Are strongly equivalent metrics mutually complete?

Question

Maybe I'm missing something, but I can't seem to find any references to my exact question. If two metrics, $d_1(x,y)$ and $d_2(x,y)$ are strongly equivalent, then there exists two positive constants, $\alpha, \beta$, such that

$$\alpha d_1(x,y) \leq d_2(x,y) \leq \beta d_1(x,y).$$

My question is: if one metric is complete, must the other be complete as well? I suspect no, but I haven't seen any explicit counterexamples.

Conversely, if you have one metric that is complete, and another metric that is not, does this imply that the two cannot be strongly equivalent?

Answer 1

Let $X_i = (X,d_i)$. Assume without loss that $X_1$ is complete and let $\{x_n\}$ be a Cauchy sequence in $X_2$, i.e. for every $\epsilon >0$ there is $N$ such that for $n,m \ge N$ we have $d_2(x_n,x_m) \le \epsilon$. If we now apply the inequality that we assumed on the distance functions we get $$d_1(x_n,x_m) \le \frac{1}{\alpha}d_2(x_n,x_m) \le \frac{1}{\alpha}\epsilon.$$ This shows that $\{x_n\}$ is a Cauchy sequence in the complete metric space $X_1$, hence it admits a limit $x \in X$, or in other words for every $\eta > 0$ there is $M$ such that if $n \ge M$ then $$d_1(x,x_n) \le \eta.$$We can finally apply the other branch of the inequality to show that the sequence $\{x_n\}$ converges to $x$ with respect to $d_2$ as well.

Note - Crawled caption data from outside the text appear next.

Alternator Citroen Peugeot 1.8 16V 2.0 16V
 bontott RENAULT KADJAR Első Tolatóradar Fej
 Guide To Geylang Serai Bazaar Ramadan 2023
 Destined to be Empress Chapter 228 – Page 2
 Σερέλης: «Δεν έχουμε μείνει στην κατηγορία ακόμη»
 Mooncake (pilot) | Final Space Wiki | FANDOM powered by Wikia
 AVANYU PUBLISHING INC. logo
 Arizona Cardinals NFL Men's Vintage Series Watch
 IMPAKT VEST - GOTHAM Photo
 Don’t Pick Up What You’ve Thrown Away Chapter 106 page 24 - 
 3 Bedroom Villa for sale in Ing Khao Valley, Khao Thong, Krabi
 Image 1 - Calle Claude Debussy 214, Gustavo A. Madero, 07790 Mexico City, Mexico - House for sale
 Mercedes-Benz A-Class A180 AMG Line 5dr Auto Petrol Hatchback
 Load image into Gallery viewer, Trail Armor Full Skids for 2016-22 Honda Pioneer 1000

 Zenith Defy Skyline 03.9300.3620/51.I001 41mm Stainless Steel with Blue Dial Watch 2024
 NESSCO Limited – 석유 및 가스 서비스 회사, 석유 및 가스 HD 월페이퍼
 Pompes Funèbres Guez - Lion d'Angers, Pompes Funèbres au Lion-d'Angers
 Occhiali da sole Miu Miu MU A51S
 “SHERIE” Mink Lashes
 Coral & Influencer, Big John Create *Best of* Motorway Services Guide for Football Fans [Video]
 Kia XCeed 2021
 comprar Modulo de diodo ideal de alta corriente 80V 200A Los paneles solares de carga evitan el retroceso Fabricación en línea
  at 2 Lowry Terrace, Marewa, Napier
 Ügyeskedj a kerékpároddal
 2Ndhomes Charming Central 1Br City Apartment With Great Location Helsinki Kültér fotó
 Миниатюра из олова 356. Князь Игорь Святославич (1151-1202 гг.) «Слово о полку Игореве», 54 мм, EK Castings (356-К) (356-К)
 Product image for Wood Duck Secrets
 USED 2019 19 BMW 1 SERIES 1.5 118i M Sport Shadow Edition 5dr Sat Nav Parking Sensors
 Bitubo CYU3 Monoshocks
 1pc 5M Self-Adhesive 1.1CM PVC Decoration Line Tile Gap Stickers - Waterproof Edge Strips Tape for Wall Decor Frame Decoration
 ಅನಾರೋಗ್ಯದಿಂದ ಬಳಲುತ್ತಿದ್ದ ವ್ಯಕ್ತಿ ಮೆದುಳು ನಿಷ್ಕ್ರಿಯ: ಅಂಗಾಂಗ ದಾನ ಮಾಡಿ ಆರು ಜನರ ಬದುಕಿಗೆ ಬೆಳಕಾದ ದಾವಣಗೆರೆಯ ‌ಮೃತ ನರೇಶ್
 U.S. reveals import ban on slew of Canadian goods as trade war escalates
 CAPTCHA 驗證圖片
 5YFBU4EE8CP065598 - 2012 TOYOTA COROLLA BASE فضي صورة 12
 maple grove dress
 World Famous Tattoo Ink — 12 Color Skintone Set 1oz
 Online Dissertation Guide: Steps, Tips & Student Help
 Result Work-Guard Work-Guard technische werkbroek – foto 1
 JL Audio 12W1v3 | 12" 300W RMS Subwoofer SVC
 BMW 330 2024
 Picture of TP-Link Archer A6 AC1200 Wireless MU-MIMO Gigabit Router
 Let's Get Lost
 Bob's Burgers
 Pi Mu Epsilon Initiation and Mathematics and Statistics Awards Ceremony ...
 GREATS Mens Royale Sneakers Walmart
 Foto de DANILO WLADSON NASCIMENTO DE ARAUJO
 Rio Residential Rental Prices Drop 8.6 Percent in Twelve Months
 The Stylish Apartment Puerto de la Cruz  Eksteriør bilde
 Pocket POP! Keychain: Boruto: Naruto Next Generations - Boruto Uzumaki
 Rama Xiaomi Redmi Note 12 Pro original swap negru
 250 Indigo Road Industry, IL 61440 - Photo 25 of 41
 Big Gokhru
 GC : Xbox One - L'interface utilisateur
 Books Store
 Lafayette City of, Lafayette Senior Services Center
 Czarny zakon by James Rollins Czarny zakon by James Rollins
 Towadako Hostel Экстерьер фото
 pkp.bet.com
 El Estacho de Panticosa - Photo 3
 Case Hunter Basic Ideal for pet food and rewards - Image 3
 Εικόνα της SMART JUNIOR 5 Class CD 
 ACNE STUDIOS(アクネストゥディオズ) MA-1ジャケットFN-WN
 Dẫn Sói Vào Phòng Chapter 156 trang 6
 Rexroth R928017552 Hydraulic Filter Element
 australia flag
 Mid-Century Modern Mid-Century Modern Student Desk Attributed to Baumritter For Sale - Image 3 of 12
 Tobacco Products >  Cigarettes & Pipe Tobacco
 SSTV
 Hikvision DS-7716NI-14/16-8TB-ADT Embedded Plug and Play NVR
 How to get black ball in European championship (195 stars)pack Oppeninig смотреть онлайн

Indeed for $n\ge M$ we have $$d_2(x,x_n) \le \beta d_1(x,x_n) \le \beta\eta.$$ This proves that every Cauchy sequence in $X_2$ is convergent, which by definition gives the completeness of $X_2$.$\blacksquare$

As I am writing this I have noticed that Daniel Fischer has already posted an answer. I am going to post mine anyway since I think it offers a slightly different point of view.

Answer 2

Such metrics are also called Lipschitz equivalent, the inequality states that the identity map from the space endowed with one metric to the space endowed with the other is a Lipschitz map (in both directions). That ensures that the space is complete in one metric if and only if it is complete in the other metric.

In fact, that holds for a weaker concept of equivalence, uniform equivalence of metrics. Two metrics $d_1,d_2$ on a space $X$ are uniformly equivalent if the identity map $(X,d_i) \to (X,d_j)$ is uniformly continuous for both choices of $\{i,j\} = \{1,2\}$. With formulae, the metrics are uniformly equivalent if for every $\varepsilon > 0$ there are $\delta_1, \delta_2 > 0$ such that

$$\bigl(d_1(x,y) \leqslant \delta_1 \implies d_2(x,y) \leqslant \varepsilon\bigr) \land \bigl(d_2(x,y) \leqslant \delta_2 \implies d_1(x,y) \leqslant \varepsilon\bigr).$$

Since uniformly continuous maps - in particular Lipschitz continuous maps - map Cauchy sequences to Cauchy sequences, uniform equivalence of the metrics implies that a sequence is a $d_1$-Cauchy sequence if and only if it is a $d_2$-Cauchy sequence. Since uniformly equivalent metrics (and hence in particular Lipschitz equivalent metrics) induce the same topology (i.e. they are topologically equivalent), a sequence is $d_1$-convergent if and only if it is $d_2$-convergent.

Hence, if the metrics are uniformly equivalent, the space is complete in one metric if and only if it is complete in the other. And by contrapositive, if you have two metrics on a space such that the space is complete in one but not in the other, the two metrics aren't uniformly equivalent, and a fortiori not strongly equivalent.

Answer 3

The answer is yes.
It's fairly easy to see that equivalent metrics define the same topology on the space (i.e. the open sets are the same); also the Cauchy sequences in $(X,d_1)$ and $(X,d_2)$ are also the same. Suppose $(X,d_1)$ is complete, then any Cauchy sequence $\{x_n\}$ has a limit $x$ in $X$. This means that for an arbitrarily small $\epsilon >0$, there is an open ball $B$ with radius $\epsilon$ and a sufficiently large integer $N$ such that $B$ contains $x$ and $x_n$ for all $n>N$. Since the open sets are the same in $(X,d_2)$, there is an open ball $B'$ with a different (albeit arbitrarily small) radius $\epsilon'$ that contains $x$ and $x_n$ for all $n>N$, so $x$ is also a limit of $\{x_n\}$ in $(X,d_2)$, so $(X,d_2)$ is complete. Similarly the completeness of $(X,d_2)$ implies the completeness of $(X,d_1)$.